# General > Technical Support >  Help!!!

## connieb19

Can anyone help?  I'm rubbish at this technical stuff so i probably wont be able to explain this very well.  Every time try to start my computer up it just closes down again.   It's probably easiest if I just copy what it says on the screen.
Windows did not start successfully.  A recent hardware or software change might have caused this.

If your computer stopped responding, restarted unexpectedly, or was automatically shut down to protect your files and folders, choose last known good configeration to revert to the most recent settings that worked.

If a previous start up attempt was interupted due to a power failure or because the power or reset button was pressed, or you aren't sure what caused the problem , choose Start Windows Normally.

Safe Mode
Safe Mode With Networking
Safe Mode with Command Prompt
Last Known Good Configuration( your most recent settings that worked)
Start Windows Normally

Pleease can anyone help?  ::   ::

----------


## Tiger Jones

Have you recently installed some software or piece of hardware?

Can you get the PC into Safe Mode?

If so, you could try a System Restore which will take you back to a point before something was installed.

----------


## william53

When it comes up asking u what u want to do just select last known configuration and it should work ok

----------


## blueivy

Hi connieb19,

As I've posted in here before, Windows not starting correctly can be numerous different things. 

First thing to try is to see if you can get into Safe Mode. If you can you've won half the battle (as it means Windows and your PC are generally okay). If you can't get into Safe Mode you'd be better looking at rebuilding the machine using the System Restore or Windows CD.

If you can get into Safe Mode and you've recently installed some software or hardware:

If you've installed some software boot the machine into Safe Mode (at the menu you are being shown, select Safe Mode). Go into Add/Remove Programs in Safe Mode and uninstall the software.

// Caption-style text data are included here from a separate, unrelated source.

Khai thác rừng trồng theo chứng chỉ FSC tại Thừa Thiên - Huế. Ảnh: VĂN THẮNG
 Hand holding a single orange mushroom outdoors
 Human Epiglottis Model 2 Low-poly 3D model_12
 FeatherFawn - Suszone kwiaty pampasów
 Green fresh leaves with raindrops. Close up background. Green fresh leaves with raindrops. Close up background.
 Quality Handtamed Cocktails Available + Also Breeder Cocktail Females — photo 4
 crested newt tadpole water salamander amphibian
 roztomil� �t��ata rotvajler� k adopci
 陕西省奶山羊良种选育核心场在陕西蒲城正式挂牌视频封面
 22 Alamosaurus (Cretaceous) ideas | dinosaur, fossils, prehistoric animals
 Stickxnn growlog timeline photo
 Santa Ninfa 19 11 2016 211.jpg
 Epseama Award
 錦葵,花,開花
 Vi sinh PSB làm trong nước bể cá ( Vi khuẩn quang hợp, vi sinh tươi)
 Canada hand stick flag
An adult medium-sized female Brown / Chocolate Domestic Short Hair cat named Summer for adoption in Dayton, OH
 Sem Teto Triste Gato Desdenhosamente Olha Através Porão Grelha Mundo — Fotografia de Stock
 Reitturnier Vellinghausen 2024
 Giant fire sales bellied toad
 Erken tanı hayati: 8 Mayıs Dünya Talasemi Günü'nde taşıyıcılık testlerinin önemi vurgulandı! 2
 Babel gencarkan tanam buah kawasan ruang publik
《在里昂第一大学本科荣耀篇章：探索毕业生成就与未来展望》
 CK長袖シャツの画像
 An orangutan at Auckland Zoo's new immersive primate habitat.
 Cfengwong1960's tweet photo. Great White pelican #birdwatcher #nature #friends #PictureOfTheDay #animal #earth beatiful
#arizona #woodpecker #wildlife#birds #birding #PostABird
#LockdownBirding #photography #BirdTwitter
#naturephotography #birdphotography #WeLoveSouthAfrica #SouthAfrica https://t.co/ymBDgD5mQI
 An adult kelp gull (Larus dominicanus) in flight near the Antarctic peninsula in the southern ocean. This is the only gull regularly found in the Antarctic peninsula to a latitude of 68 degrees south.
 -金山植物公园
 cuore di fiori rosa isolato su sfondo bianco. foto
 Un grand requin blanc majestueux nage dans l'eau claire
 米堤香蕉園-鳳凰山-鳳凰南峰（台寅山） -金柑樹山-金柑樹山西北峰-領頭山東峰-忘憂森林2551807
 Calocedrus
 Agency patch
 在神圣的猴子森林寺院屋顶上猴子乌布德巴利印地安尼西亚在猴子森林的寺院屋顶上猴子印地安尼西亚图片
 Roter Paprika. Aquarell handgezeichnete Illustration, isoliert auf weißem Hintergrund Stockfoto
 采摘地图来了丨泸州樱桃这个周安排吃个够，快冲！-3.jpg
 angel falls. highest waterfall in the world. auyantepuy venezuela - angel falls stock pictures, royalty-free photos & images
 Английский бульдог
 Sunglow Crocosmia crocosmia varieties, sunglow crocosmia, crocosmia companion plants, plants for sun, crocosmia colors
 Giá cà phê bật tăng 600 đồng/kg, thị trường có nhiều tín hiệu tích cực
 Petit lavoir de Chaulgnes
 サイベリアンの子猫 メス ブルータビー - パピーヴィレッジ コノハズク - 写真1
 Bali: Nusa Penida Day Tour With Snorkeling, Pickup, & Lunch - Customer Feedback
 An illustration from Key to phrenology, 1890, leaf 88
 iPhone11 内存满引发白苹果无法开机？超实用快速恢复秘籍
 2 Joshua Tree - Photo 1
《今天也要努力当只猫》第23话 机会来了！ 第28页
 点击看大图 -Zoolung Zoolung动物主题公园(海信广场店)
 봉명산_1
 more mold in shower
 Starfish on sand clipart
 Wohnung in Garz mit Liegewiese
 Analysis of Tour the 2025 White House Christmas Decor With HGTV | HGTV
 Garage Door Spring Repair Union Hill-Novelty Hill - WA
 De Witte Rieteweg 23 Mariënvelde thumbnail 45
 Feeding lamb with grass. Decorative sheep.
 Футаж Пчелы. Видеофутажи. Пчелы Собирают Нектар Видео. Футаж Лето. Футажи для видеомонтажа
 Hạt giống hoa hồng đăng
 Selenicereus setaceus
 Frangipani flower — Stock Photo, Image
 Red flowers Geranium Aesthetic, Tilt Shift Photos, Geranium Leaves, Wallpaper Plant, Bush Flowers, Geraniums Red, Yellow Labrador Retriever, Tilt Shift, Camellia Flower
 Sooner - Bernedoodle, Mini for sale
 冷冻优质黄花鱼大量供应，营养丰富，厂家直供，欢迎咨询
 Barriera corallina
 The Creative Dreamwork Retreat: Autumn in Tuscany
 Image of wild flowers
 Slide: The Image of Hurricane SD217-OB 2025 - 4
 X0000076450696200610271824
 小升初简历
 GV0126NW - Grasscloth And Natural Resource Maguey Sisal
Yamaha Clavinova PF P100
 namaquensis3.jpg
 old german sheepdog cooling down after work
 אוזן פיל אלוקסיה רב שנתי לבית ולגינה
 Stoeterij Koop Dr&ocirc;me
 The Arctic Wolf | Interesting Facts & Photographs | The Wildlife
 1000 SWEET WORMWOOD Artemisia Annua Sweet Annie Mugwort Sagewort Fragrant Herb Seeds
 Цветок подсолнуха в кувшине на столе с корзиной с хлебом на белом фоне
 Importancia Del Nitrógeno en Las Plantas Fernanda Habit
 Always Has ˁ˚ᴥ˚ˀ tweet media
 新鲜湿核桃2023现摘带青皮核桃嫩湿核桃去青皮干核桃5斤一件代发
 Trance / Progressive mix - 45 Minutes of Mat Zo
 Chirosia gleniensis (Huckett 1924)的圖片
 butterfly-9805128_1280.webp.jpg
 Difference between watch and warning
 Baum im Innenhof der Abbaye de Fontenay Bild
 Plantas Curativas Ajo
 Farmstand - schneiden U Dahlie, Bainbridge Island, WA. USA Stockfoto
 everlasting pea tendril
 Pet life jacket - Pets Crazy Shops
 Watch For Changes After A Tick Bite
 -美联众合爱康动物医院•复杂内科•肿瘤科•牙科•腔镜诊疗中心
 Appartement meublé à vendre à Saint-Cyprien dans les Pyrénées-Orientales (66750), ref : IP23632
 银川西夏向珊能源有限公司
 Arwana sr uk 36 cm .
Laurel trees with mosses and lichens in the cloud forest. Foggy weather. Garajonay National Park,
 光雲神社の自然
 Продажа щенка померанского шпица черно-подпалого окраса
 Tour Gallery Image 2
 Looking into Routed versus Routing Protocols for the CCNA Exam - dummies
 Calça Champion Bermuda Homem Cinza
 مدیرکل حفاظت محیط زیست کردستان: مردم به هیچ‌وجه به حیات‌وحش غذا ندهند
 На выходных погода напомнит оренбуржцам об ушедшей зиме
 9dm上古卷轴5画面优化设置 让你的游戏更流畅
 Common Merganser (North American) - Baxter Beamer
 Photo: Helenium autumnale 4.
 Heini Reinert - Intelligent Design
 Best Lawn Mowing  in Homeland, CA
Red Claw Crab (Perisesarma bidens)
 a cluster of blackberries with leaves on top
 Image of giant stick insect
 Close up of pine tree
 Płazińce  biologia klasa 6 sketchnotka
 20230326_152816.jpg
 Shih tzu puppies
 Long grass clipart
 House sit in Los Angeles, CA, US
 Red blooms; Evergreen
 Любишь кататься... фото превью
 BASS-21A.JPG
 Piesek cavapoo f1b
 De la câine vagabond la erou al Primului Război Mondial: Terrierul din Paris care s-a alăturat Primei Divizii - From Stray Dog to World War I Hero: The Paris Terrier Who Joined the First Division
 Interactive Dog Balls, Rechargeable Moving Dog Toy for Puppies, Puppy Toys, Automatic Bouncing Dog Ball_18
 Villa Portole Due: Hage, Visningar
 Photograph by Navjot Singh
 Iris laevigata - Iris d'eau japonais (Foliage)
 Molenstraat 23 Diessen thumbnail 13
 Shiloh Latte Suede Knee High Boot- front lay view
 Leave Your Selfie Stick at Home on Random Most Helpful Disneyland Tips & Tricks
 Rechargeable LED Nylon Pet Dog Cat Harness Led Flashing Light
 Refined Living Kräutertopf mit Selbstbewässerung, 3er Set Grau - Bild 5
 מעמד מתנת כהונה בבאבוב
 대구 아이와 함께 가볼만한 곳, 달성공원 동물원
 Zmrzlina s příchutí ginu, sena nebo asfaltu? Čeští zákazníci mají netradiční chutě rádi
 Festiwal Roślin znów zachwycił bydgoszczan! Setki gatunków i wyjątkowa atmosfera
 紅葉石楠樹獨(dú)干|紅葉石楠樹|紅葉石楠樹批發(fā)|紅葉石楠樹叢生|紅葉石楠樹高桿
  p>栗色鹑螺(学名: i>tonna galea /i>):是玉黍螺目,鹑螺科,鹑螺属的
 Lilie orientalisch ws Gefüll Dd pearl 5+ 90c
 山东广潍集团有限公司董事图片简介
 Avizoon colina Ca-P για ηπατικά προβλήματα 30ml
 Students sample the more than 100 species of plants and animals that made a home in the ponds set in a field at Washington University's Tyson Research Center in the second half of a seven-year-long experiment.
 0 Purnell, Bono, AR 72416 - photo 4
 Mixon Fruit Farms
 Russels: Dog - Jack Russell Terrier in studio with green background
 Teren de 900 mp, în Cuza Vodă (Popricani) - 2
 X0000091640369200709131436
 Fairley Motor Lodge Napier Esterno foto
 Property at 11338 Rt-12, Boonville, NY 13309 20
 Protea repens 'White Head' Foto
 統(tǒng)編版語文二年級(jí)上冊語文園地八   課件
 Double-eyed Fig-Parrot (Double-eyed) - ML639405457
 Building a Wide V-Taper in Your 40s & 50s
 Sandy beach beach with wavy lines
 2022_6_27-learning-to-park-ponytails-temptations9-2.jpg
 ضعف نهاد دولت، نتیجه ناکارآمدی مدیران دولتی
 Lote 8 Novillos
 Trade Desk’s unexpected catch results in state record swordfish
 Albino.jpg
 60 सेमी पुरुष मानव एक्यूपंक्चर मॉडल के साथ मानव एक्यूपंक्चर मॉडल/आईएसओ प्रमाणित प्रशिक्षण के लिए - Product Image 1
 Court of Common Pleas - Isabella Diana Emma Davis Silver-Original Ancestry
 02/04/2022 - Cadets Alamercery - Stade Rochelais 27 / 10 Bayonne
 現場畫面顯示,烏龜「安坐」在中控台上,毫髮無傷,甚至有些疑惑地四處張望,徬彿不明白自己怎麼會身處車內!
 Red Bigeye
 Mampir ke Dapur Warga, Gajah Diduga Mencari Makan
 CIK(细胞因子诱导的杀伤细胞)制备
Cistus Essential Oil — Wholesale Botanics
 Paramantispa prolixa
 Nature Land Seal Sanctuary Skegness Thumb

Reboot and see if that clears it.If you've installed some hardware then it could be either the hardware itself or the drivers installed (more likely) when you plugged it in. First thing to do is unplug the hardware from the PC and start the PC. If that doesn't work then you could try the Last Known Good Configuration to see if it works although in my 15 years experience it's never made a blind bit of difference to any problem so it maybe a waste of time. It's always a last resort to try if nothing else works.If none of that works, do a System Restore

If you've not installed any software or hardware, then I'd try unplugging all of the hardware from your PC and starting it. If that doesn't work then again try a System Restore.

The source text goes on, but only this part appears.